With two major international sports events, 2014 World Cup and 2016 Olympic Games, scheduled to be held in Brazil in the next five years, it’s high time the country should improve its “substandard” tourism infrastructure, according to the Brazil Tourism Report Q1 2011, released recently.
According to the report, Brazil has one of the world’s poorest transportation, roads and rail networks. The United Nations World Tourism Organization, or UNWTO, ranks the country 95th out of 130 countries for transport infrastructure.
Hosting sports tournaments like the World Cup or the Olympics are major events countries look forward to for increasing international arrivals and notice, and upgrading their economy. Hosting the FIFA World Cup 2010 in June last year helped South Africa surge in global tourist arrivals by 17.4 percent in the first eight months of the year, according to South African tourism figures. India also recorded an increase in the arrival of foreign tourists by 9 percent in October 2010, the month in which the country hosted the Commonwealth Games.
However, inconvenience due to infrastructure around such events could take a toll on tourism. Fearing this, Brazil’s airport administrator, Infraero, has initiated a $2.44 billion project to upgrade the country’s airports, said the report.
About 500,000 football fans will visit Brazil for the 2014 World Cup, the report estimates, adding that the country’s economy is in a favorable situation to support the required developments.

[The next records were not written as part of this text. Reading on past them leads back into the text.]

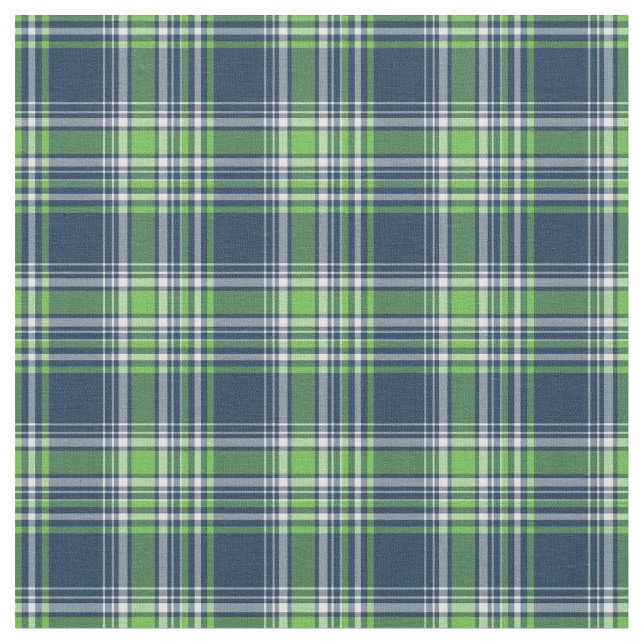 Blue and Green Sporty Plaid Fabric (Close Up)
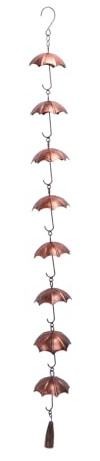MUNEFE Regenketten aus Metall, dekorativ, Regenschirm-Regenkette, Regenschirm-Regenkette, Glocke für Zuhause, Garten, Terrasse, Außendekoration (99,4 Zoll, 8 Tassen)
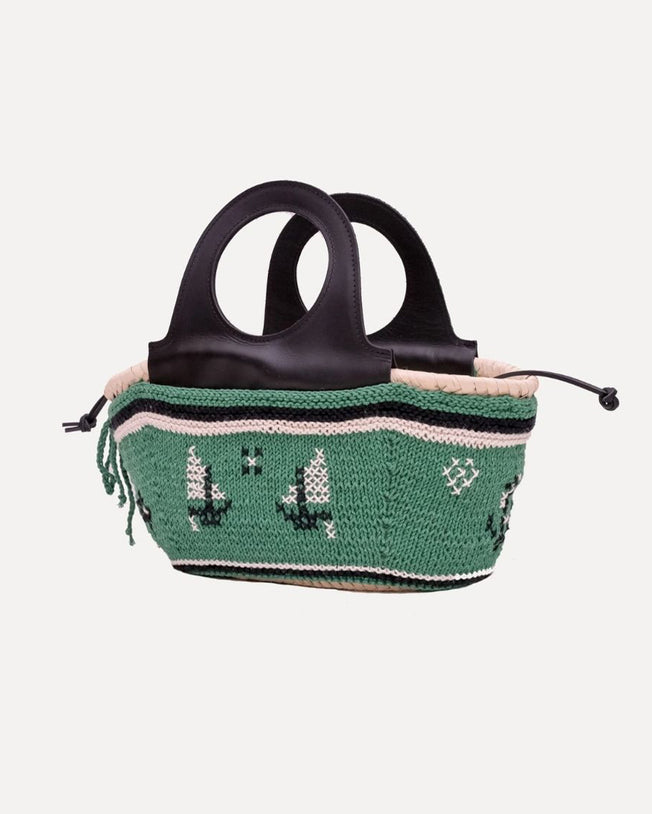 Mini Basket Bag with Leather Handle and Hand-knit Cover - Green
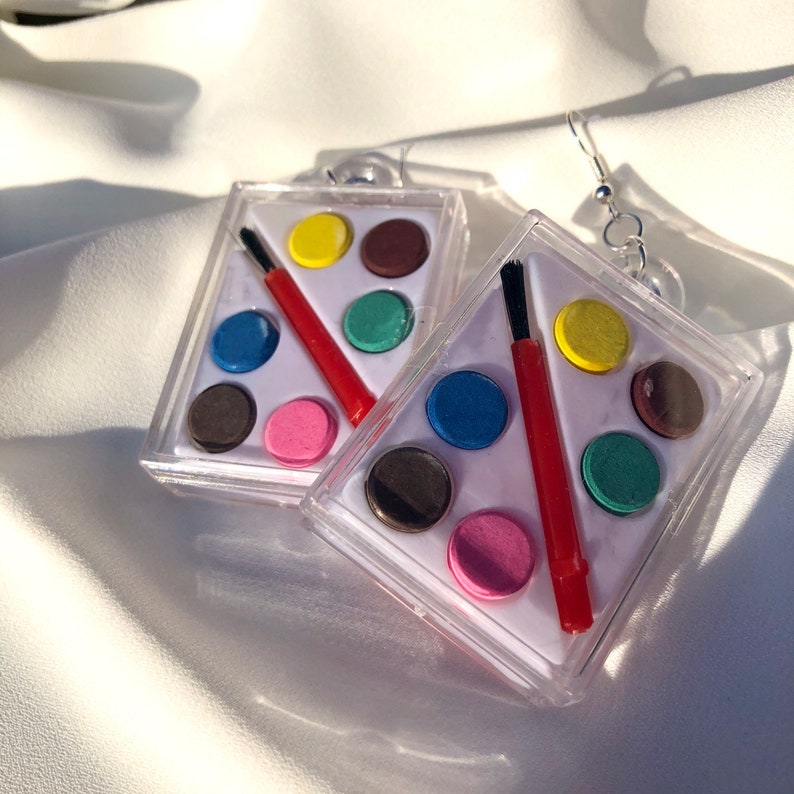 Watercolor Paint Palette Earrings Etsy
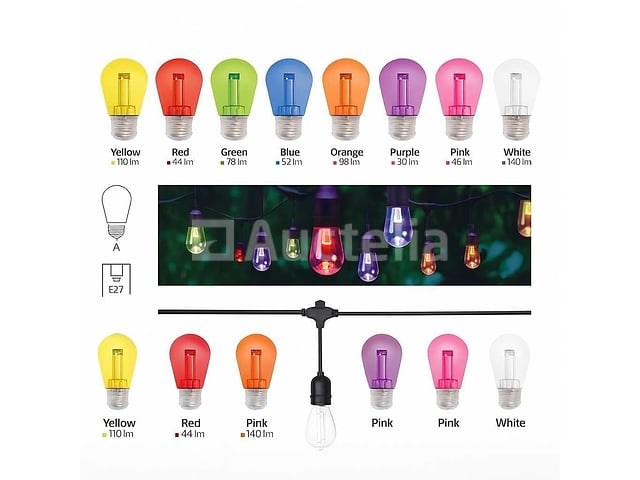 120 x st45 filament shockproof led lampen – 5 kleuren – e27 - afbeelding 4 van  4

The personal safety of tourists, however, has become another hurdle for Brazil’s tourism industry, with carjacking and robbery incidents having put the country in a negative spotlight during the 2010 Formula 1 Grand Prix.
According to the Brazilian Association of Bulletproof Manufacturers, over 7,000 vehicles were armored for civilian use in Brazil in 2008, up from 1,782 a decade earlier. In November 2010, the country’s security forces claimed to have curbed crime rates, a trend the country hopes to continue leading up to the World Cup and Olympic Games.